Più di Sorrentino, Kierkegaard si è avventurato in una bizzarra raccolta di prefazioni, un intero libro, a libri che non ha scritto. Giustificandosi col dire che la giovane moglie non voleva che scrivesse, che si sentiva tradita dai suoi progetti di libri peggio che da un’amante - Kierkegaard non aveva moglie.

Borges, “L’idioma degli argentini”, va più in là: “Il prologo vuole essere un passaggio dal silenzio alla voce, una mediazione fra i due, un crepuscolo; ma è altrettanto verbale, e altrettanto limitato dal verbale, di quello che introduce”. Cioè inutile - l’autore avendo appena finito di parlare, per tutto il libro che il prologo introduce.
Anche Borges, come Kierkegaard, ne è specialista, solo che le chiama prologhi. Ne ha scritto uno per ogni suo libro. E li ha anche riuniti insieme in un libro, “Prologhi”, con un prologo.

Proust – Questa si dimentica, di R. Barthes, che invece è freccetta al cuore, “Il brusio del linguaggio”, 30 , al cap. “Scrivere, verbo intransitivo”: “Caso esemplare (è) il narratore proustiano, che non esiste che scrivendo, malgrado il riferimento a uno pseudo-ricordo”.

Repertori – Le “liste” di cui Eco era goloso, i “repertori” e gli accumuli, di detti, frasi fatte, citazioni, critiche, Petrarca ne era maestro e scienziato. Della realtà come lettura. L’accumulo di sapere attraverso i libri e le letture. Per es. sulla morte. Lo studioso di Petrarca Francisco Rico, “Gabbiani”, p. 96: “Sono innumerevoli, e ci sarà chi dice la maggioranza, le pagine latine di Petrarca fabbricate secondo queste ricette”. E p. 97: “Non è che Petrarca non abbia posizioni proprie e altre idee interessanti. Affatto. È che la expositio, nella dizione e nei contenuti, è diventata un habitus mentis personale e intellettuale. Per l’uomo medievale sapere equivale a estrarre da un deposito chiuso, la Bibbia o Aristotele”. Medievale, dunque…. Ma senza l’ironia.

Riscrivere - Di Petrarca anche la mania di riscrivere. Id., p. 98: Petrarca si identificava esplicitamente con Fidia, il quale continuava a ritoccare le sue opere quando erano già scolpite “usque in miraculum” (“Res Memorandae, III, XVI).

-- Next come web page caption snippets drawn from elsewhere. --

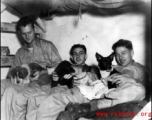 Hanging out, probably at Yangkai base, Yunnan.  Jay Rosencrantz, on the right, holds pet 'Clarance'.  Although called to be men at war, these soldiers were still young, and a boy's best friend was still a comfort and friend even during war.  Joseph Siana in middle.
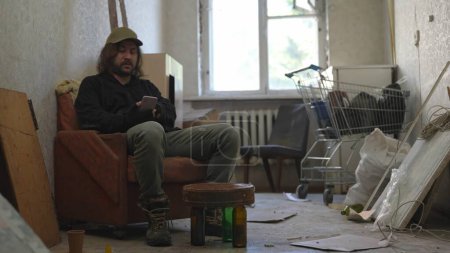 Téléchargez les photos : Pauvre sans-abri assis dans une pièce d'un immeuble abandonné remplie de ses maigres biens. Il tient un smartphone en main, surfant en ligne. Sans-abri et pauvreté, chômage, crise. - en image libre de droit
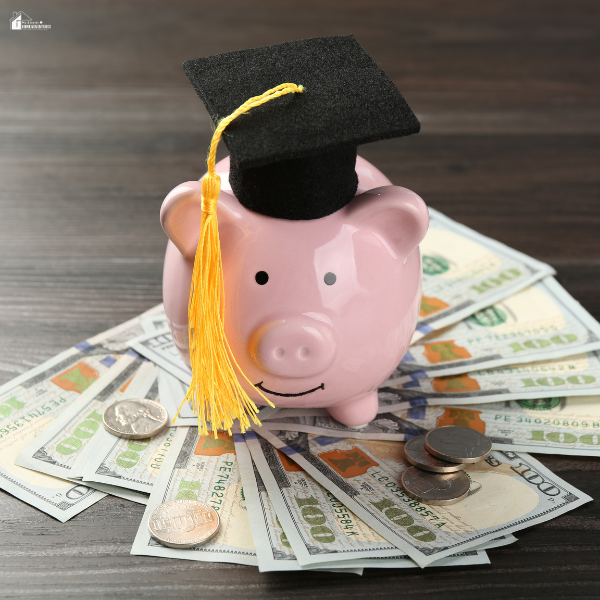 Pink piggy bank wearing a graduation cap sitting on cash and coins, representing saving money to pay for college tuition.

Selfie – Uno che presto, a 28 anni, sente vivissimo il “desiderio di scrivere un’autobiografia”, Kafka, la vive come una condanna, l’autosservazone e l’autorappresentazione – “Il primo presupposto della scrittura non è l’essere desti, ma l’oblio di se stessi”, scrive a Max Brod il 5 luglio 1922.

Sonetto – “Uno stampo per budino”: Borges ne dà la paternità a Ricardo Güiraldes. Canzonando “la deplorevolissima abitudine di imporre la misura del sonetto a ogni emozione”. Nel caso che esamina, un sonetto dell’amato Quevedo, censura la fabbrica di metafore “pudiche e vili” per non dire la morte – sonetto con metafore, due bestie nere.

Turchia È un calco dell’Italia nel poema eroico di Byron, uno dei suoi primi, “La sposa di Abydos”. Un calco dell’Italia di Goethe nel “Wilhelm Meister. Gli anni di apprendistato”. Il poema Byron apre col remake: “Conosci tu il paese dove il cipresso e il mirto…”.